Nina Kiri: It’s a cult horror film.
KM: In that it’s about a cult…
Jorja Cadence: But it’s a future cult film as well. (laughs)
Ry Barrett: It falls under the cabin-in-the-woods subgenre, but there’s a lot more going on. It doesn’t just exist in the cabin. It’s sort of a paranoia-infused, psychological, love story, thriller horror.
JC: There’s a lot of different elements to the film. It’s hard to give any information about the film until you’ve seen the whole thing.
KM: Can you talk a bit about the physicality or the transformation – again without giving too much away?
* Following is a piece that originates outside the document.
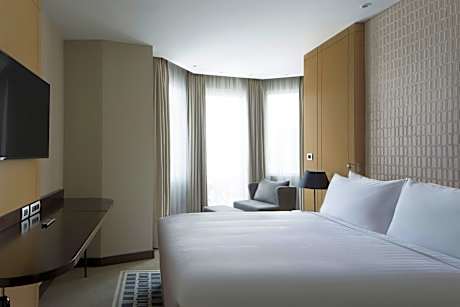 Premier King Suite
NK: I guess the physicality is that my character, Gloria, goes through a transformation and finds out a lot about herself and then that starts to reflect on the outside. So a lot of it is internal, and towards the end, in terms of makeup and where the film goes, it’s a very human transformation.
KM: And how much time did you spend in the makeup chair?
NK: 8 hours on the first day, then it got to be about 7 or 6 the more times that we did it. So usually about 6 hours each day.
KM: What drew you to the The Heretics project and your characters?
JC: It was pretty hard when I was auditioning, because they didn’t give us much about what was actually going on. Especially for my character. I think I did 3 auditions and each time I would get a new scene that would show me more about the plot and what was happening with the story. It was like, whoa, what I thought last time definitely wasn’t right! So that was part of the reason I was drawn to the project. It was already so surprising and so alluring within the audition process, and that’s when you know. If the scenes you’re doing then are great, it’s just gonna be such a ride if you actually get the project.
KM: And so much mystery to it…
JC: Yeah! So much mystery. I had no idea what was going on and I was like “I gotta do this”.
NK: I think the first draw was that it was with a group of people I already knew from Black Fawn, which was cool to see and it’s always really exciting when you get to see familiar faces and names. It was the same with me for the audition process. When it’s an audition you can only go so deep with the few days that you have – but when I had the full script and worked with an acting coach that I know, we delved into the motives and things about the character. I just became so excited about it and every scene, it was like, oh my god, I had something that was really important to me about that scene.
RB: I’ve worked with Chad [Archibald, director] and the Black Fawn team a handful of times. I’m always interested in working with Chad. He sent me an outline of the first half of the film, so I still didn’t really know where it went or what exactly happened in it, but I got the idea of the duality that my character Thomas has. Getting to play with the audience’s expectations and perception. Each of the characters sort of has that in their own way, and that’s what really drew me into it. The other side is the physicality of his role. He’s mentally and physically pretty damaged so it was great to dive into that.
KM: As an audience watching horror, we tend to learn from what we see. Lessons like don’t run upstairs, don’t drop your weapon, etc. What lessons can we learn from The Heretics?
RB: I guess in the face of complete evil, still try.
NK: Psychological strength is really prominent in it, so just having the strength to continue to be normal whatever normal is for you.
RB: Your past doesn’t necessarily change who you become. It can, but it doesn’t have to.
KM: What can audiences look forward to?
JC: Lots of surprises, it’s really thrilling.
RB: There are a lot of different genre elements involved. It has psychological elements, supernatural elements, that cabin-in-the-woods subgenre and religious and cult aspects. There’s a lot that gets thrown into it, but it doesn’t get over-complicated.